General Lee's 1862 Staff Officers
Charles Marshall joined General Lee's staff when Lee was functioning as military advisor to President Davis. He was the only staff officer who accompanied Lee to the McLean farmhouse at the surrender, although Walter Taylor had ridden with them to the vicinity of the Appomatox. After the war Marshall resided in
Baltimore where he raised five sons while practicing law. He was a very visible public speaker who held himself out as an authority on the mindset of General Lee.
Walter Taylor, a graduate of VMI, was the first officer assigned to General Lee's staff, traveling with Lee to Georgia and West Virginia. Taylor was as close to Lee during the war years as anyone, being called upon, sometimes to his chargrin, to dine with Lee. In 1864, in letters to his wife, Taylor repeatedly referred
to Lee as the Tycoon, a term popular then due to the opening of Japan. Taylor resided in Norfolk after the war, working as a banker. Unlike Marshall, Taylor, although he wrote two books, did not socialize with the group of officers who took on the role of guardians of Lee's record.

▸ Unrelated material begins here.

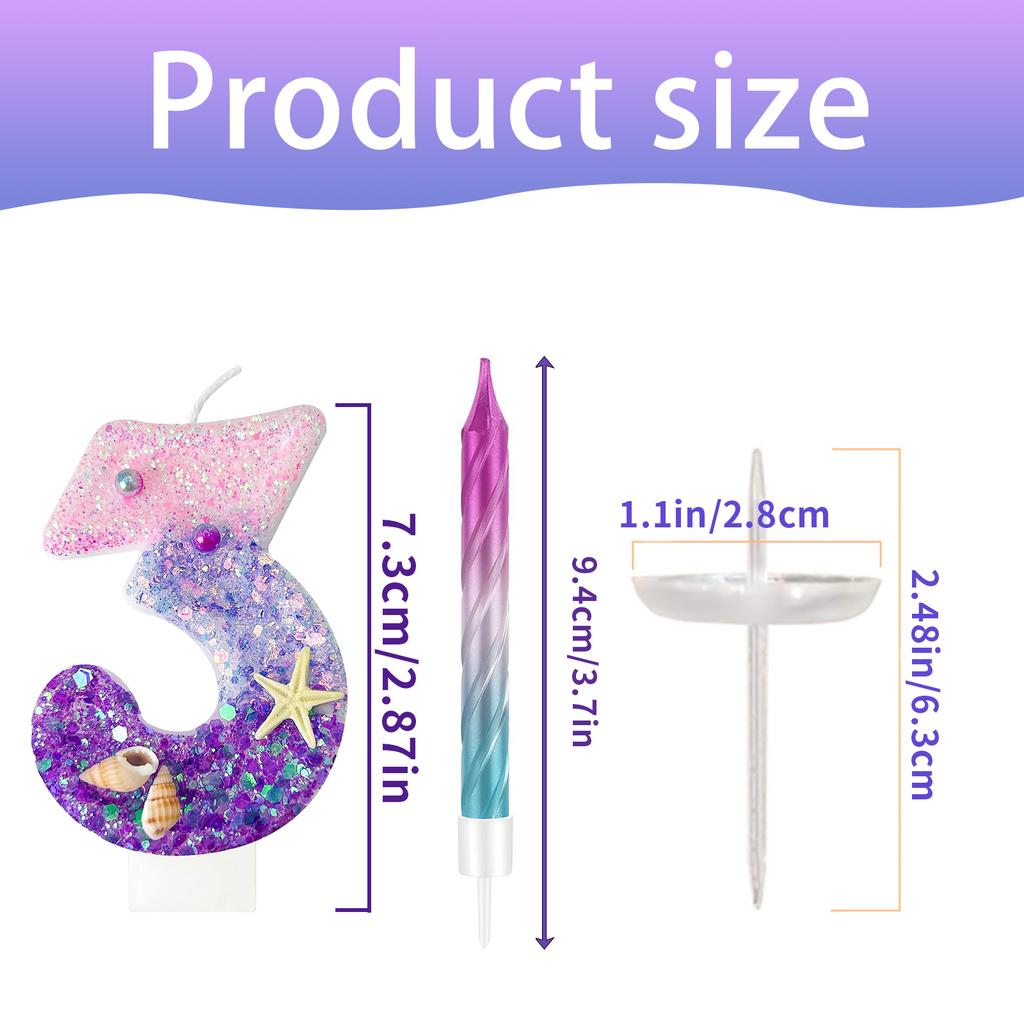 7pcs Girls Purple Mermaid Party Number 0-9 Cake Candles, 2.76 Inch Birthday Candle, Cake Topper Decoration for Birthday Party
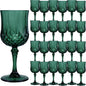 24Pack Plastic Wine Glasses, 7oz Vintage Goblets by LEYIQU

Charles S. Venable was 35 years old in 1862. At the time the war broke out he had been a professor of mathematics for almost 15 years, holding positions at Hampton-Sidney College, the University of Georgia and the University of South Carolina. The role he played on Lee's staff is the subject of some
mystery.
Robert Chilton acted as General Samuel Cooper's, the Adjutant General of the Confederate Army's, assistant, assigned to General Lee's HQ staff during the Maryland Campaign. The civil war historians and writers uniformly cling to the delusion that the lost order is in Chilton's handwriting. It is not. Whose handwriting the
order is written in remains to be determined.